Toh, walau tanpa burung walet yang menghuni tiga gedung itu, aset Hadi Poernomo tetap jauh dari nilai yang dilaporkannya ke Komisi Pemberantasan Korupsi. Februari lalu, sebagai Ketua Badan Pemeriksa Keuangan, Hadi melaporkan kekayaannya dengan total hampir Rp 38 miliar. Sebagian besar atas nama istrinya, Melita Setyawati, dan menurut Hadi berasal dari hibah.
Dalam daftar kekayaannya, tercantum 28 properti di pelbagai daerah yang dilaporkan bernilai sekitar Rp 36 miliar. Dalam laporan yang sama, terdapat enam bidang tanah di Kabupaten Tanggamus (sebagian wilayahnya kini menjadi Kabupaten Pringsewu) dengan nilai kurang dari Rp 200 juta seperlima nilai harga pasar sekarang. Ini belum termasuk nilai "rumah walet" yang tidak dimasukkan ke laporan.
Dari investigasi Tempo, pencantuman nilai yang lebih kecil daripada nilai sebenarnya merupakan satu dari beberapa kejanggalan dalam laporan kekayaan Hadi. Tempo menemukan pula sejumlah properti atas nama Melita yang sama sekali tidak dilaporkan. Ada juga aset atas nama anak-anak pasangan itu yang lagi-lagi tidak dimasukkan ke laporan.
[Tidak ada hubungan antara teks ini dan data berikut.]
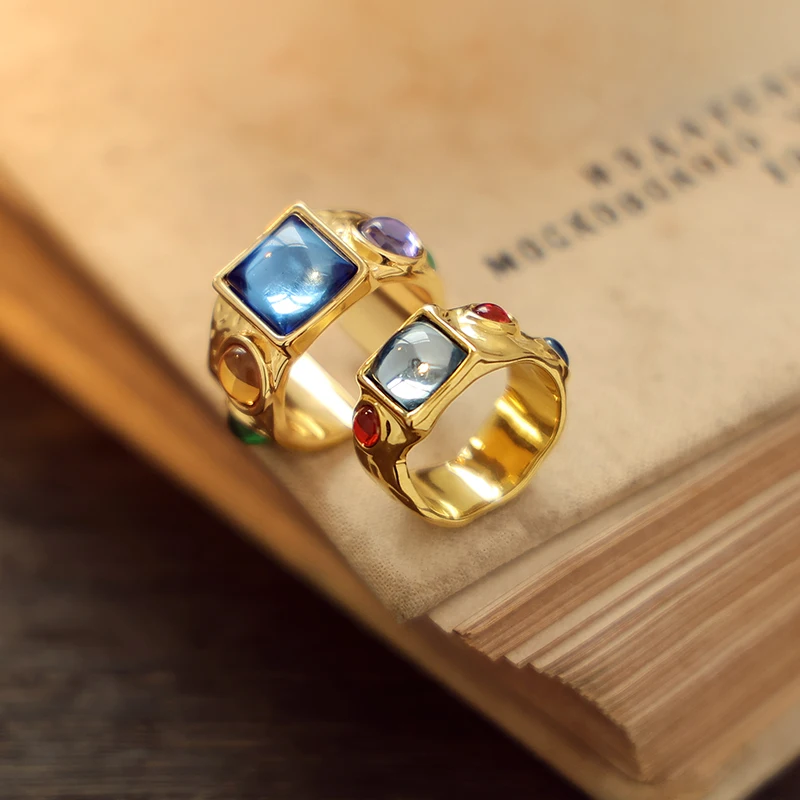Оптовая продажа ювелирных изделий на заказ винтажные 18K Позолоченные Модные Цветные смолы открытые массивные кольца для женщин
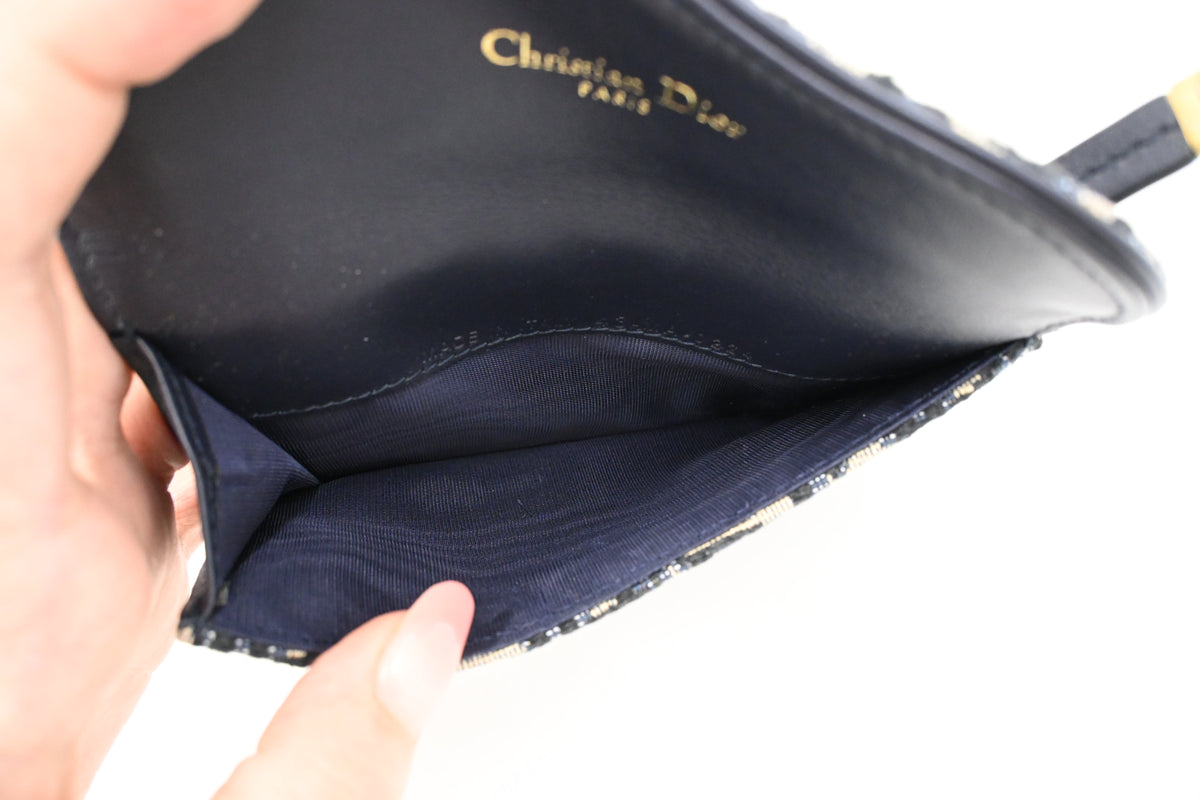 Dior Saddle Card Case in Blue Oblique Canvas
Satu keanehan, hampir semua kekayaan Hadi disebutkan bersumber dari hibah. Padahal, Tempo memperoleh akta jual-beli serta kesaksian yang berkaitan dengan proses transaksi pada sejumlah aset keluarga itu. Hanya ada satu akta hibah, yang dibuat untuk penyerahan empat aset sekaligus dari Raden Abdul Hadi Noto Sentoso, ayah Hadi Poernomo.